Along with Google’s announcement, there are also a whole host of privacy regulations coming down the pipeline this year – with 14 states now having comprehensive privacy regulations in the US, adding to the global landscape of GDPR in Europe, PIPL in China, PDPA in Singapore, LGPD in Brazil, APPI in Japan, and more. Each of these regulations has its own flavor of consent – in Europe the general rule is that prior op-in consent is required for processing whereas in the U.S. offering an opt-out right is generally sufficient.
Organizations are also dealing with a customer landscape that expects personalization more than ever before, with nearly 70% of customers expecting a personalized experience. These experiences require companies to now hold more data than ever before, and with this data generally sitting in different systems across an organization — the need for consent and preference management is evident.
The importance of consent and preference management today
In response to all the market drivers we just talked about, there’s one solution that checks all of these boxes. You guessed it — OneTrust UCPM (Universal Consent & Preference Management) — powered by real-time regulatory updates from around the world, a robust integration network, and easy-to-use customizable templates for preference centers that enable first-party data strategies.
Organizations can now make the shift from third-party cookies to first-party data with ease, embedding collection points across their digital channels in a way that leads to a seamless user experience.
Dealing with regulatory updates is also made easy, as real-time regulatory updates are fed into OneTrust, making sure your backend systems are staying in line with major privacy laws in all applicable jurisdictions.
OneTrust + Adobe
So how does the OneTrust and Adobe partnership go about enabling personalized marketing experiences?
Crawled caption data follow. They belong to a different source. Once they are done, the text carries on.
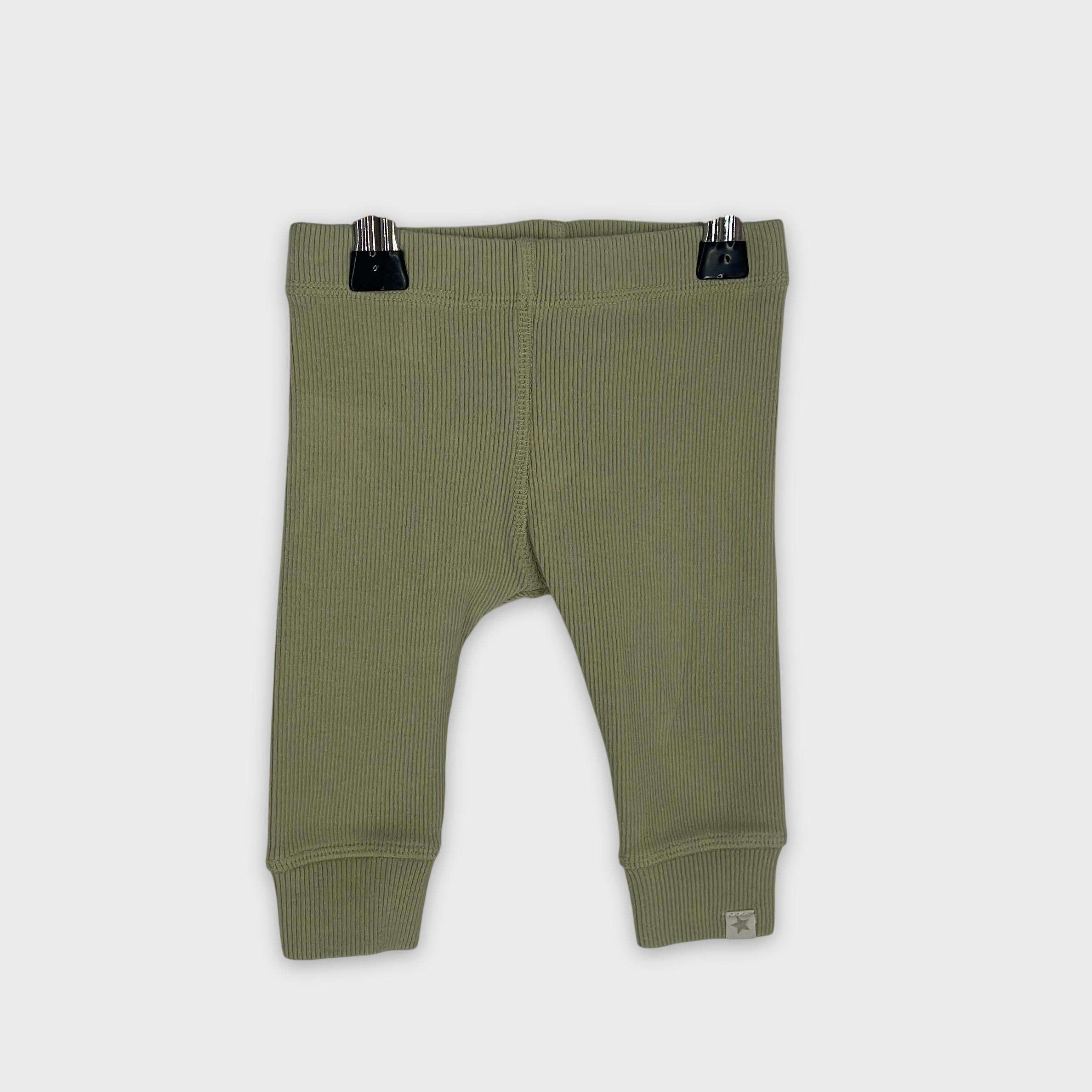 0-Legging Zara Baby 1-3 Mois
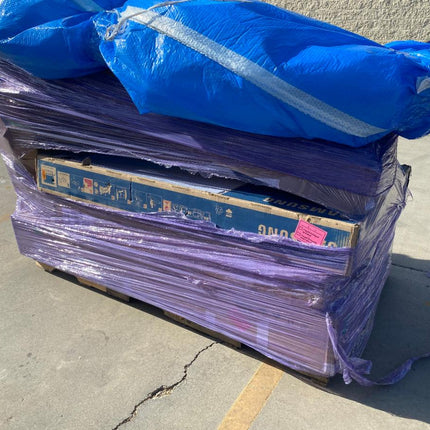 AMZ Bulk Truckload
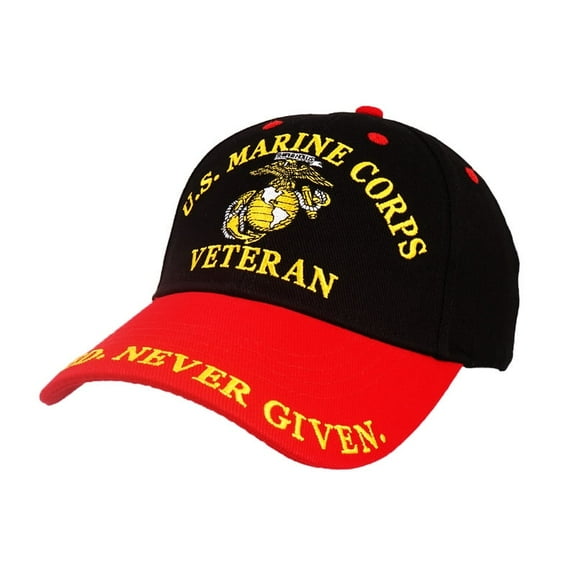 United States Marine Corps | Durable, Baseball Cap for Unisex, Comfortable | Perfect for Everyday, Official Licensed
Effective personalized experiences can be broken down into three steps – collect, unify, and activate.
Collect
During data collection, organizations need to make sure that they’re being transparent with their visitors across all digital channels. When offering visitors to consent to data collection, the following needs to be communicated:
What data is being collected?
Why is it being collected?
How will this be used to improve the customer experience?
What are the relevant privacy policies related to data collection?
How can customers go about withdrawing consent?
Along with all of this, companies must go about obtaining consent in a compliant way based on the jurisdiction that their visitor is in. For example, a user in London will have a different consent mechanism than one in California.
With OneTrust UCPM, organizations can handle all of these with a centralized database that provides detailed records of consent data (time, channel, purpose, location, preferences, and more).
Unify
This layer of consent and preference data will then be integrated with the Adobe Real-Time Customer Data Platform (CDP), enriching customer profiles to create addressable marketing audiences for targeted experiences.
Consent data is only useful if it talks to a company’s Martech stack. In other words, what’s the point of collecting someone’s preference data if this data isn’t unified with your customer data platform? With this partnership, you now get a comprehensive view of an individual’s preferences profile from OneTrust UCPM in the context of actionable marketing experiences in Adobe Real-Time CDP.
This integration allows for marketing experiences to have targeted audiences powered by consented data. By ensuring this data is in a centralized location, teams across the org such as privacy, legal, and security can also ensure that your policies are up to date – making way for personalization at scale.